** Work to complete **
Instruction for the data below: set down exactly the lines from the line with "Elliana Sleep Short" to the line with "Subway Rustic Wall", inclusive, and no others.

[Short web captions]
_ _ _ _ _
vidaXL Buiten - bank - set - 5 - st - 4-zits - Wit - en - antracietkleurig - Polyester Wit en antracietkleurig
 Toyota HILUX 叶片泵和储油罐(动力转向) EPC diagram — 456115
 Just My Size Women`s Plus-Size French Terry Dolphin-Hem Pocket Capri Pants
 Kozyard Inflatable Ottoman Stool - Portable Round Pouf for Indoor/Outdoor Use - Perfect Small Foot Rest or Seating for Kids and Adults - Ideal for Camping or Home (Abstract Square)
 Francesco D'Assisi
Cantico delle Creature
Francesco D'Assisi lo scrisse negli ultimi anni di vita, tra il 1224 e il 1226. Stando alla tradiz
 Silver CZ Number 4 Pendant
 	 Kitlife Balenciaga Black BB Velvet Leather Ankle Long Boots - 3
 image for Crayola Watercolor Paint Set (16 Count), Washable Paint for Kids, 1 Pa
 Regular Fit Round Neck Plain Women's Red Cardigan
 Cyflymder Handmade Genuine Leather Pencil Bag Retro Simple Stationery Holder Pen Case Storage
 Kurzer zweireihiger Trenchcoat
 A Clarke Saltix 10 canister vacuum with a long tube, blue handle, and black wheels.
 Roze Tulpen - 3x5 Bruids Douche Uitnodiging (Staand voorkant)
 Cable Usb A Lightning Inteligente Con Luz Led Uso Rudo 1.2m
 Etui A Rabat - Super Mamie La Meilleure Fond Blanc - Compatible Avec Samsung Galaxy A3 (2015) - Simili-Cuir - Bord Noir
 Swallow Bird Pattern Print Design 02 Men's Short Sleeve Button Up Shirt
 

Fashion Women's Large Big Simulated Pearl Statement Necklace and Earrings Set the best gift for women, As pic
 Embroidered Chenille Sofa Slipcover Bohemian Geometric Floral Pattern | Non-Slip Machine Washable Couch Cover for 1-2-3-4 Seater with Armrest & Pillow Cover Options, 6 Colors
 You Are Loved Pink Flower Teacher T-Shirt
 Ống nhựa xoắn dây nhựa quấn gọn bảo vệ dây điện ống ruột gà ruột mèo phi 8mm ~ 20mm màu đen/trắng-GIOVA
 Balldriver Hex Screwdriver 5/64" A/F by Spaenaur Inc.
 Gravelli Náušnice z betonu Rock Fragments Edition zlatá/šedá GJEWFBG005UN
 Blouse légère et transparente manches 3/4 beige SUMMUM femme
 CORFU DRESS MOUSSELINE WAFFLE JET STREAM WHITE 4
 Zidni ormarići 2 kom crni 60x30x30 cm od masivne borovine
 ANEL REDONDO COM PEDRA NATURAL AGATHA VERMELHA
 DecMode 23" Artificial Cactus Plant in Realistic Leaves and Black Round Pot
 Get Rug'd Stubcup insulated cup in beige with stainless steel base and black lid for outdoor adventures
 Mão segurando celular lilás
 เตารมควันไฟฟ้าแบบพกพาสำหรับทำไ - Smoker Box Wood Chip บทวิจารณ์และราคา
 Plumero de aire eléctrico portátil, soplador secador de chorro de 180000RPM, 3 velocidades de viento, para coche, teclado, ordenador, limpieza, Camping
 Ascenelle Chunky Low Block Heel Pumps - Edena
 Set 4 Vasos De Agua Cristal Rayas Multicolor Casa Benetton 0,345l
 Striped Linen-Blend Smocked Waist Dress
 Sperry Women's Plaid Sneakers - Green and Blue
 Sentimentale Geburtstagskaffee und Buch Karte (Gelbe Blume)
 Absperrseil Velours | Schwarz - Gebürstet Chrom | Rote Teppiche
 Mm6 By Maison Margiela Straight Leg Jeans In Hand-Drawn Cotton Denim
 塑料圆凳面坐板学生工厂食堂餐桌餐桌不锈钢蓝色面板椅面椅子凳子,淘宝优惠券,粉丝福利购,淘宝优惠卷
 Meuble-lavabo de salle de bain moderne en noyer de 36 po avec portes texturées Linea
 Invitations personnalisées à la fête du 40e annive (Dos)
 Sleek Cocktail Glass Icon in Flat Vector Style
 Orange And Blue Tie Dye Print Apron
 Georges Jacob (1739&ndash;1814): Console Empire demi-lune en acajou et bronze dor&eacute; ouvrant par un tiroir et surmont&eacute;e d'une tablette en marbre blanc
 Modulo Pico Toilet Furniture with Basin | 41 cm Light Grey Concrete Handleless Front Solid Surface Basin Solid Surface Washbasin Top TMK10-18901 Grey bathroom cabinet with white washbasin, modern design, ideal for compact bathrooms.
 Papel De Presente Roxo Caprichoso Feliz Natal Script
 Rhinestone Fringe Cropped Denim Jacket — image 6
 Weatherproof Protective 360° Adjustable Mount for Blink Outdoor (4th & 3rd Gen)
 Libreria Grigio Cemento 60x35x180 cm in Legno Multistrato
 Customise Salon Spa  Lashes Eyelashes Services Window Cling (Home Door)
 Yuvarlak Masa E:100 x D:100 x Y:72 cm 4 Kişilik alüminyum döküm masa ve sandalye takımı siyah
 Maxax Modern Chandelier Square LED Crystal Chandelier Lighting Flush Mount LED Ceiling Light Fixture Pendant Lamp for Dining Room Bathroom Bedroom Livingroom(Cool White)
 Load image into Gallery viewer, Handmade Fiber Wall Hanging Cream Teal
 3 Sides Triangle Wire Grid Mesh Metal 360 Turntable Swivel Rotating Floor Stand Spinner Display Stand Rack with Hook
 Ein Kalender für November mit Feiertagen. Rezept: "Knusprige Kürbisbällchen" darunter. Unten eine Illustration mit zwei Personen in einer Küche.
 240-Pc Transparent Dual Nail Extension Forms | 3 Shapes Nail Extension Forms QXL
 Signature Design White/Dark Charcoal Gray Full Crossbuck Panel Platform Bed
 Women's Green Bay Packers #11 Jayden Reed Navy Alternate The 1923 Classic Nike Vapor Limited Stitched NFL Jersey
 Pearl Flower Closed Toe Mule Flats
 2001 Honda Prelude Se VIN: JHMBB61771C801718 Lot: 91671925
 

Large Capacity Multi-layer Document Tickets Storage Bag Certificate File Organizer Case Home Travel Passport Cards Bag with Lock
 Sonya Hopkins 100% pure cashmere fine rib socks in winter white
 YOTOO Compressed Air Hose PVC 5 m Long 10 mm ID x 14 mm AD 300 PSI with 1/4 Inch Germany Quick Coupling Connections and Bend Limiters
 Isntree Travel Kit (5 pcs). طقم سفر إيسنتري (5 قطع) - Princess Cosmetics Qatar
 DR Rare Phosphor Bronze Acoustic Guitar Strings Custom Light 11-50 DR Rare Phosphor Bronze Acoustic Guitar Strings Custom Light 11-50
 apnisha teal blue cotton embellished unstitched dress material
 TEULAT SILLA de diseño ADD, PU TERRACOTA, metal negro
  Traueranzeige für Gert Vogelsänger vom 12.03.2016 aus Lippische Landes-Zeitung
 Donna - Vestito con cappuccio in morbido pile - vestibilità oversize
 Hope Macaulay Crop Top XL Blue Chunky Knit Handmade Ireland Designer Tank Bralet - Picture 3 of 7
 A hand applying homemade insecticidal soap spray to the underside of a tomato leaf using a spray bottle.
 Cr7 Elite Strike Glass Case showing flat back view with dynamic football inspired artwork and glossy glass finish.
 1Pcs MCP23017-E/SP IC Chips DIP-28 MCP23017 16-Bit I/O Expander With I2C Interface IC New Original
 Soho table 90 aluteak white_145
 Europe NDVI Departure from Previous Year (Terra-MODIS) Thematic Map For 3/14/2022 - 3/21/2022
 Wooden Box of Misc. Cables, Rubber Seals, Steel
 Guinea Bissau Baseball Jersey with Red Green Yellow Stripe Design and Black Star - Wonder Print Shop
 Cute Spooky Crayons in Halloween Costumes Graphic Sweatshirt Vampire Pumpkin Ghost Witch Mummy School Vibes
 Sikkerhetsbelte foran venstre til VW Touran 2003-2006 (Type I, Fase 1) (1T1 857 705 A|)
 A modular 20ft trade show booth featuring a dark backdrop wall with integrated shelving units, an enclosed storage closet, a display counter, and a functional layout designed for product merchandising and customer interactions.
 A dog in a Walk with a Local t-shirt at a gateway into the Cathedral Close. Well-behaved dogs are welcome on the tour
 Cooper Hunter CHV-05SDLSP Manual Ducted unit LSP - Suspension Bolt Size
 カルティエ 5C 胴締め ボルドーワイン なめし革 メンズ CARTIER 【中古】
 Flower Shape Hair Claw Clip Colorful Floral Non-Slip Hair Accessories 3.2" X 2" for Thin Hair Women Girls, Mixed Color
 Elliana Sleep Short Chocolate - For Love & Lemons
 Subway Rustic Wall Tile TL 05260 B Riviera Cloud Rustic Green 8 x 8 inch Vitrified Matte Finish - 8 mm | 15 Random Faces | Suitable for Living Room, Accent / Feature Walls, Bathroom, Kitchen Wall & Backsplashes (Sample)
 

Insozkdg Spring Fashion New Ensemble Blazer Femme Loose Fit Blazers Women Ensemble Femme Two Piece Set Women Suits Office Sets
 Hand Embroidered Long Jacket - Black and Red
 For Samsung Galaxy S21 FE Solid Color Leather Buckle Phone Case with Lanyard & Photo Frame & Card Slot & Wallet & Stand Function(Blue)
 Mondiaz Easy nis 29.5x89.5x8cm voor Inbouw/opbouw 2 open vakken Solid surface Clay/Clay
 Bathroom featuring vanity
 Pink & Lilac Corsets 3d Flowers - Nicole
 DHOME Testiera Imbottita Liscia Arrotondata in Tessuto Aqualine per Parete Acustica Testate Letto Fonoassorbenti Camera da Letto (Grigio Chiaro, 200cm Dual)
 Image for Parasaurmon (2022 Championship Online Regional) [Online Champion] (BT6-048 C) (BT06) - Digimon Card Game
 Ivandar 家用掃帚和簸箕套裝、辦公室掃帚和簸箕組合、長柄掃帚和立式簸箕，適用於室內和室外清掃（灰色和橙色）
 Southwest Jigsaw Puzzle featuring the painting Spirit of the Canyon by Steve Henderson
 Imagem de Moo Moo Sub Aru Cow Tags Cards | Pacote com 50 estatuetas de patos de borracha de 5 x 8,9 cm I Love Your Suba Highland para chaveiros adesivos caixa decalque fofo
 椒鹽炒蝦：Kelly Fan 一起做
_ _ _ _ _
** Worked solution **
 Elliana Sleep Short Chocolate - For Love & Lemons
 Subway Rustic Wall Tile TL 05260 B Riviera Cloud Rustic Green 8 x 8 inch Vitrified Matte Finish - 8 mm | 15 Random Faces | Suitable for Living Room, Accent / Feature Walls, Bathroom, Kitchen Wall & Backsplashes (Sample)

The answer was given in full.